- What is being asked:
Of the entries below, restate word for word only the section that runs from the line with "afbeelding 4 Aanbouwdeel" to the line with "Quiksilver Men's All", counting both ends.

** Recorded data follows **

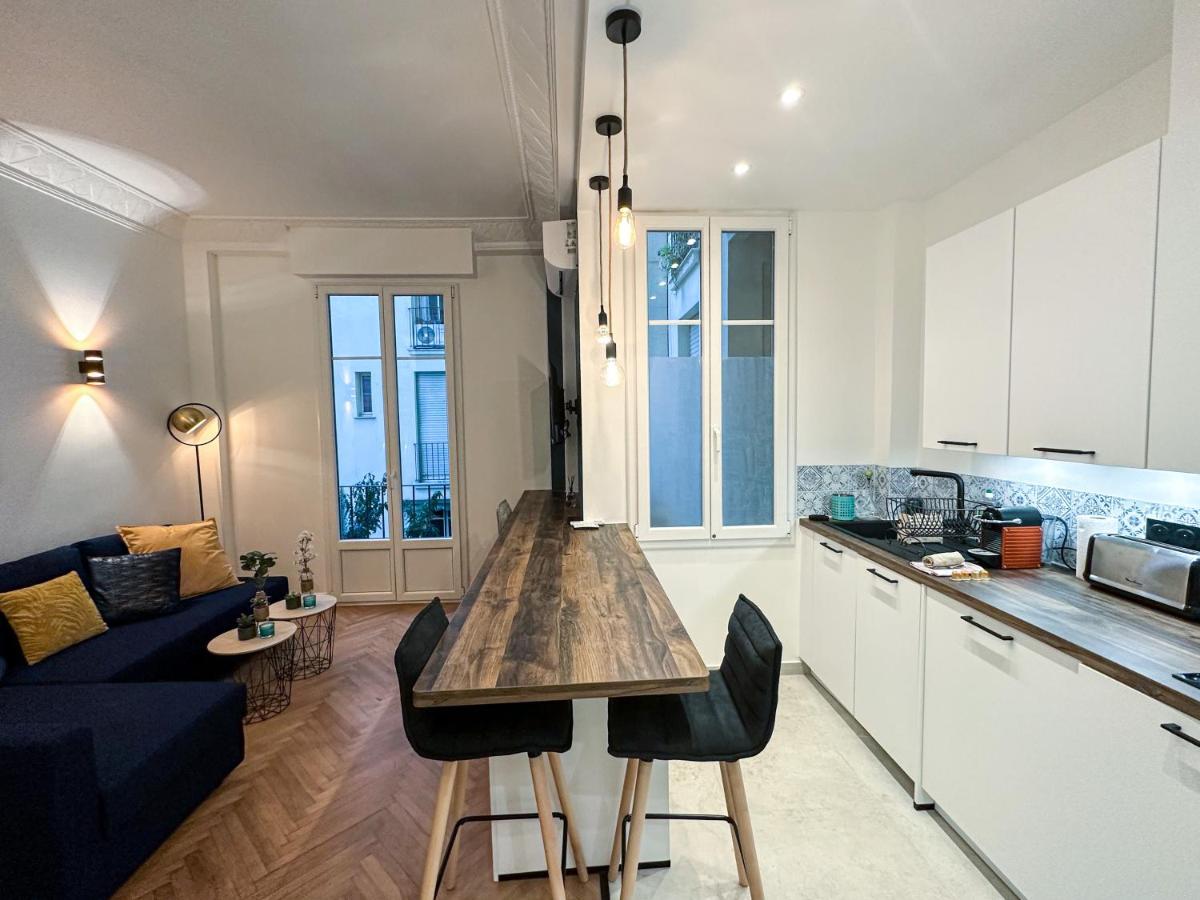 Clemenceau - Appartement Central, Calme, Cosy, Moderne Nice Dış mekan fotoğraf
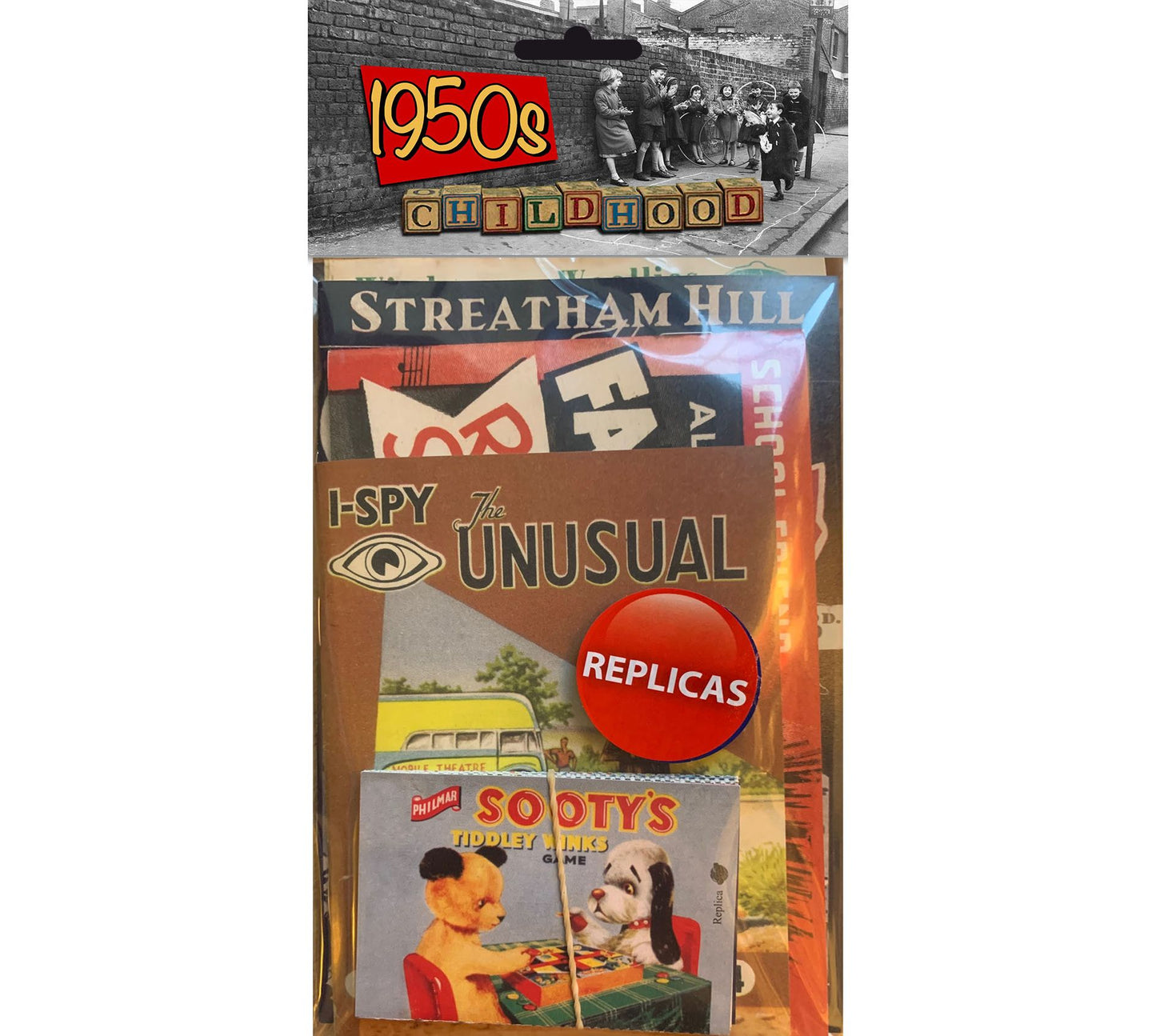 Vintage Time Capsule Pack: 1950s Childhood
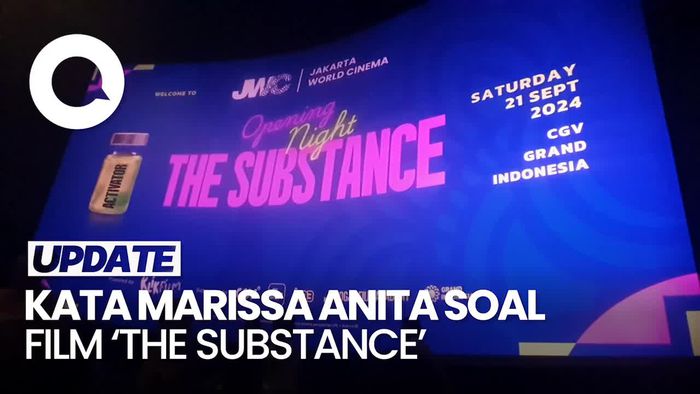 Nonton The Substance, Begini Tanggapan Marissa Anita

** End of Recorded data **
** Recorded data follows **

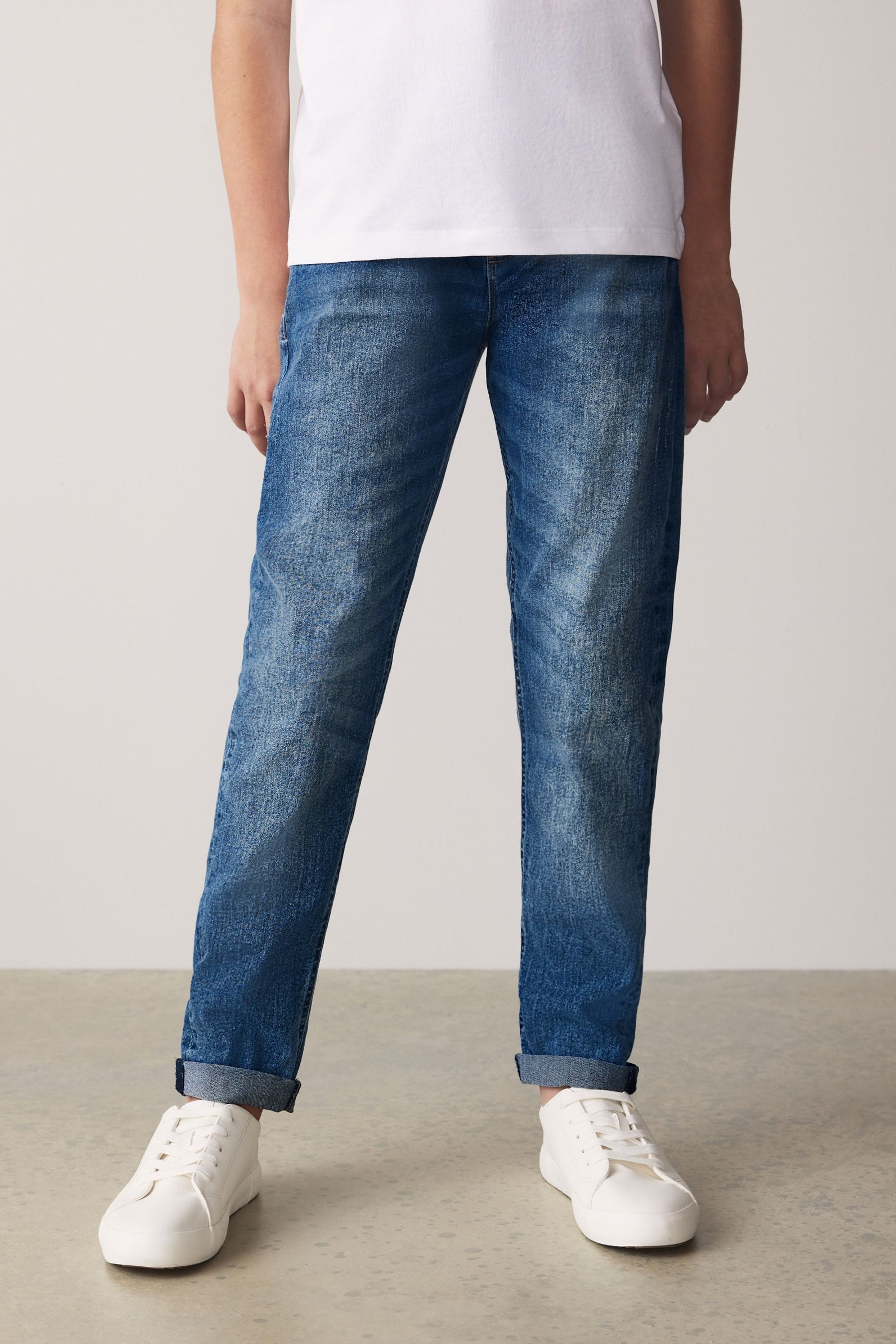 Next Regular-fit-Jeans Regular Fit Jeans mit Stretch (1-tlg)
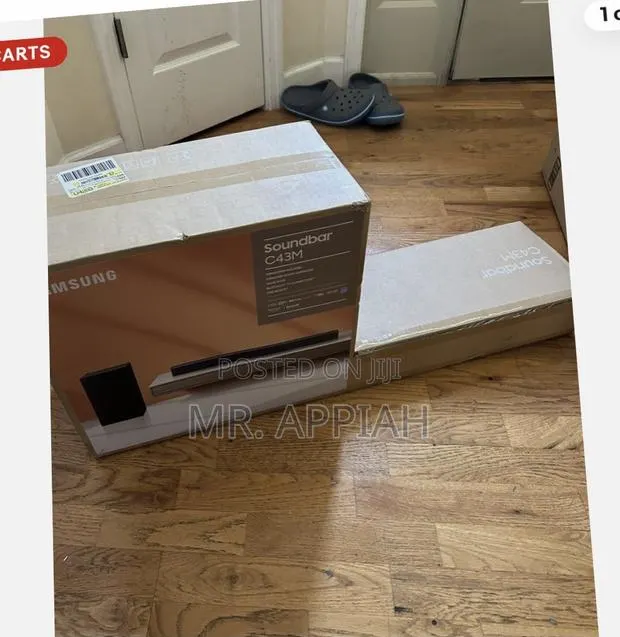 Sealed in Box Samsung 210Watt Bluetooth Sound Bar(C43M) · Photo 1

** End of Recorded data **
** Recorded data follows **

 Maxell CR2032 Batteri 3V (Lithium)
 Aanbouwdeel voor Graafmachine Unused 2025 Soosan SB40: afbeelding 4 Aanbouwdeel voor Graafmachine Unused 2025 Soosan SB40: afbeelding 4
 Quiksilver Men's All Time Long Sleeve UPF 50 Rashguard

** End of Recorded data **

- Result of the exercise:
 Aanbouwdeel voor Graafmachine Unused 2025 Soosan SB40: afbeelding 4 Aanbouwdeel voor Graafmachine Unused 2025 Soosan SB40: afbeelding 4
 Quiksilver Men's All Time Long Sleeve UPF 50 Rashguard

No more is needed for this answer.